Royal Affair est un mélange, et c'est ce qui le rend le plus séduisant. Un mélange des catégories filmiques définies et une caméra au plus proche des atmosphères ressenties. Si nous assistons inévitablement à un film d'époque romancé, le réalisateur danois a su trouver les ficelles pour dépasser les films du genre. L'oeuvre est tantôt historique, glissent entre sujet du royaume et domaine des lettres en y apportant poésie. Puis il s'engage parfois sur la pente du thriller haletant, notamment vers la dernière partie du film où on assiste à une chute que l'on croyait impossible.
Si le cadrage et la mise en scène restent classique, la lumières effleurent, et subliment les corps : le coup de la Reine, le visage tiré et charismatique de Struensse. Elles sont toujours délicates, feutrées qui donnent un caractère intimiste aux situations. Les couleurs chaudes et froides s'alternent en harmonie pour affirmer la fureur du roi ou sublimer la chaleur des sentiments entre Caroline Mathilde et Struensse. Mais elles s'inter-changent notamment pour montrer l'interdit de leur premier baiser, et aborder la colère des paysans qui remplissent l'image de la véhémence du feu.

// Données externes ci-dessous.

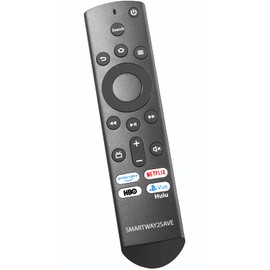 Smartway2save CT-RC1US-19 Replacement Remote Control Compatible with All Insignia and Compatible with All Toshiba Fire TV Editions Shortcuts Apps NS-RCFNA-19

Le mélange évoqué précédemment est aussi présent par l'oscillation des sentiments du spectateur envers les personnages. Nous partons tout d'abord avec le personnage de la future reine (qui raconte l'histoire), et de sa rencontre avec le Roi qui va vite se tourner en désillusions. Personnage à la fois enfantin et virulent il n'aura de cesse de la rabaisser de peur qu'elle prenne sa place aux grasses de la famille et du peuple. Ce personnage est donc tout d'abord détestable, même si l'on décèle une folie certaine qui se verra presque attendrissante au fil du long métrage. En parallèle nous nous attachons à cette femme laissée et désabusée, magnifiquement interprétée où la caméra se reportera sur elle, toujours, avec énormément de plan rapproché et des lumières douces et naturels. Une sorte de suivie, d'aide, de 'ne t'en fait pas' de la caméra semble traverser l'écran. Puis c'est l'arrivée du charismatique et surement le plus complexe, personnage de Struensse. Pris en affection par le Roi, il devient son médecin attitré et Christian VII ne cessera de lui vouer un culte, une confiance et un respect sans faille. Et c'est ici où, petit à petit on tourne dans ce triangle : le roi le trompé, Struensse le 'génie', et la Reine amoureuse. Et ces rôles vont doucement tendre à faire renverser les opinions de caractère. Le Roi soulève l’empathie de sa confiance secrètement trahie et le gentil Struensse devient presque despotique tant le pouvoir grandissant semble troublement l'animer. La Reine devient comme la complice et l'accaparée, prise dans le tourbillon de son amant.
Le film est remarquable dans le façonnement et la complexité de ces personnages, comme il invoque toujours la mixité et la dualité de ses fondements.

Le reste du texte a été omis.